Did you hear about www.goowy.com? 
Then jsut goowy.com and find yourself in the web of latest technology. 

goowy.com is a personal email service webtop that is built on the latest FLASH TECHNOLGY and i have no words for the goowy features. 

Email, IM, Storage with a media player to hear songs and lot more.


----------



## sabret00the (Sep 1, 2006)

wat's this?


----------



## deepak.krishnan (Sep 1, 2006)

Thanks yaar. The site is great. I have created my account!


----------



## adit_sen (Sep 1, 2006)

@saipothuri....I see that ur quite new to posting here. This has already been posted about before. Do you the search next time before posting something new to avoid a repost.

Cheers
Aditya


----------



## Third Eye (Sep 1, 2006)

goowy is crap...


----------



## Pathik (Sep 1, 2006)

old crap..... to be precise


----------



## ravi_9793 (Sep 1, 2006)

yeah..goowy.com is gud.
but this is allready posted in digit forum....n i myself use this often.
one think which i like abt this is messenger like meebo.com.

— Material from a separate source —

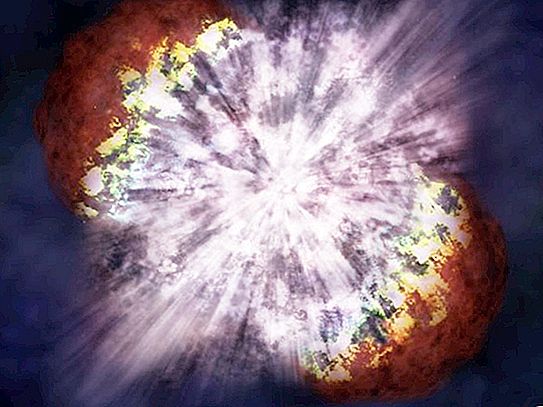 Supernova - smrt nebo začátek nového života?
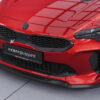 Lame de parechoc avant pour Kia Stinger GT (depuis 2017) - Fabriqué en ABS (6 finitions au choix)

these messenger r safe than usual messengers.


----------



## Maverick340 (Sep 1, 2006)

Pretty nice . Gnome like interface . give a feel of webOS . very high bandwidth consumtion however . I am happy with gmail


----------



## hanwant (Sep 2, 2006)

Too slow..heavy bandwidth coNsumption...Not suitable for email purposes

Happy with my GMAIL


----------